While in the modern country of Jordan in 2018, Rexanne and I had the opportunity to travel not only to Moab (central part) and Petra (southern part of the country), but north of Amman to the ancient cities of Gerasa and Gadara.  Amman was very interesting in itself.  The oldest part of the city is on a hilltop in the eastern part of modern Amman.  It was known by various names, but during the time of Israel kings it was called Rabbath Ammon, the scene of David sending Uriah the Hittite into battle to be killed, trying to hide his sin with Uriah’s wife Bathsheba.  While walking its streets you could see why it took so long for Joab, David’s general, to conquer it, with steep inclines and a wall around the citadel.  You could easily imagine Uriah on the hill, Joab’s army pulling back, exposing Uriah to the enemy.
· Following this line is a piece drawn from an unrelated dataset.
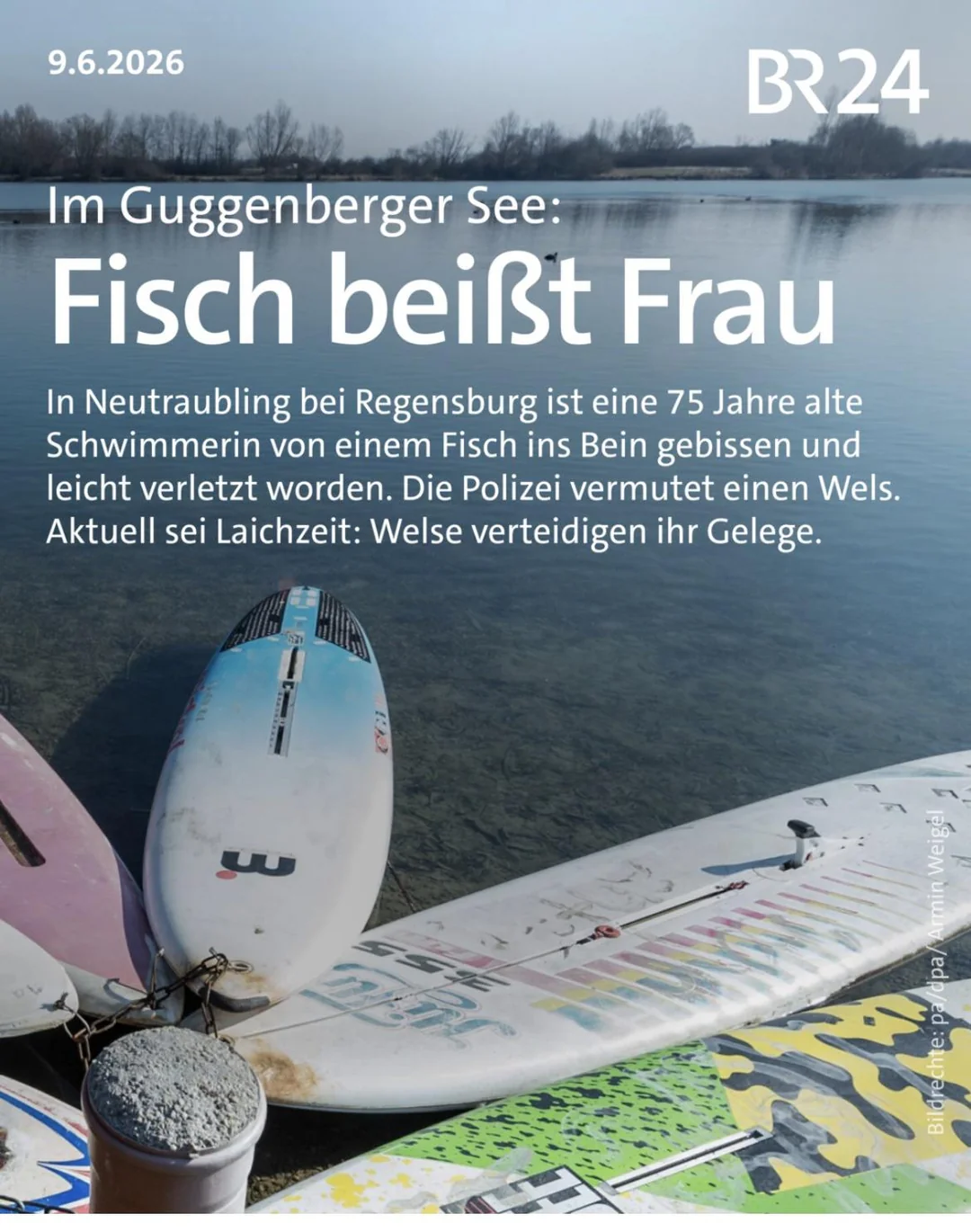 guggenheim wels - Copy.webp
From Amman, we traveled and spent one day at modern Jerash, which was known in biblical times as Gerasa, part of the Decapolis.  An amazing place with so many ruins you can walk among, getting a good feel for how the ancient city would have looked 2,000 years ago.  There were two Roman theaters that still exist today, one on either end of the site.  There was a temple to Zeus and Artemis, and ruins of ancient churches with mosaics in the floor that you could see by brushing the dust away.  The raw nature of this site is unique.  In the middle of Gerasa was a crossroads, going north toward Damascus, south toward Amman, east toward Baghdad, and west toward Jerusalem.  It is thought the wise men may have traveled through this junction as they headed toward Bethlehem to see the Christ-child, as did the Apostle Paul in his famous journey to Damascus (avoiding Samaria, as most good Jews did).
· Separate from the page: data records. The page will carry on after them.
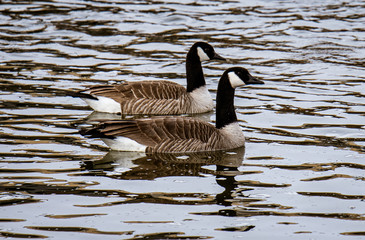 canadian goose on water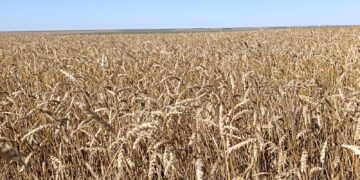 Елімізде 22,7 млн. тоннадан астам астық жиналды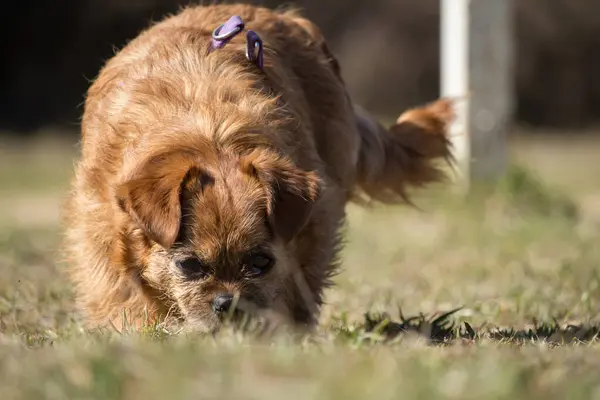 Mein Hund Nami Schnüffelt Gras Des Preventorio Alcoi Spanien — Stockfoto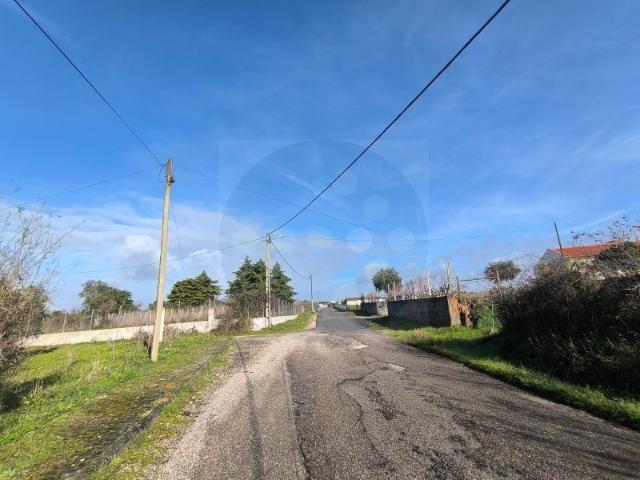 Terreno venda em Abrantes, Santarém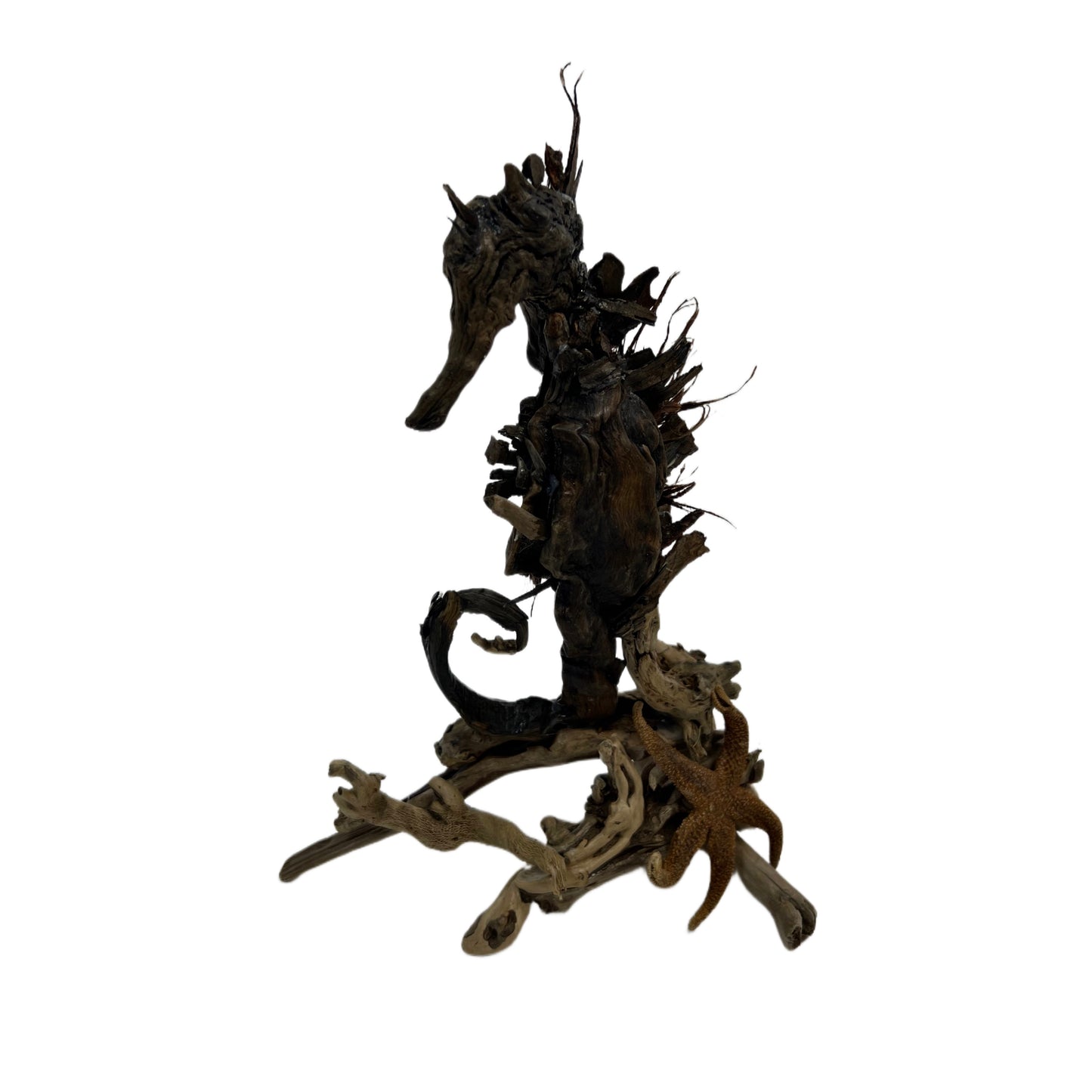 Sea Horse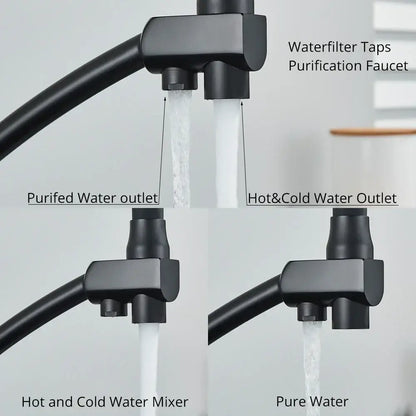 Matte black dual spout kitchen faucet with water purification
On our last full day in Jordan we traveled north across the Jabbok River to modern day Umm Qays, which was ancient Gadara, another city of the Decapolis.  You may remember the story of Jesus and the disciples traveling by boat across the Sea of Galilee and being confronted by a wild demon possessed man from the nearby tombs.  This was “Gentile” country at the time.  The demons request to be sent into a herd of pigs, and Jesus does so, with the pigs rushing into the lake and drowning.  The herdsmen run into the nearby city (Gadara) and tell the city fathers, who come and ask Jesus to leave the area.  He does but asks the man who is now in his right mind to stay and tell others what Jesus has done for him.  Jesus will return later, and throngs of people come to meet him, wanting to hear his good news, the former demon possessed man has become an evangelist in the region!

We walked among the ruins of Gadara on a high point that looks out over the south end of the Sea of Galilee.  The ruins have barely been touched by archeologists, making it another unique site to wander through.  There was a Roman city here at one time, much like Amman, much like Gerasa, with the amphitheater and Roman road lined with stone columns that we could explore.  You could imagine Jesus and his disciples as small figures in the distance, the herdsmen running the long distance up this hill to inform the Roman leaders of what happened.   Their initial concern is simply material, economic, trying to protect the rights of a local pig farmer.  But the event sparks interest that is spiritual as the former demon possessed man travels about, giving his testimony, which is unique and compelling to all those who know about him from his past time living among the tombs, unrestrained.  Jesus heals him, and the people want to know about this man.  Do you have a testimony to share also?  Don’t be timid.
Cross Point: Jesus told the demon possessed man who he had set free, “Go home to your friends and tell them how much the Lord has done for you, and how he has had mercy on you” (Mark 5:19). Shouldn’t we do as much?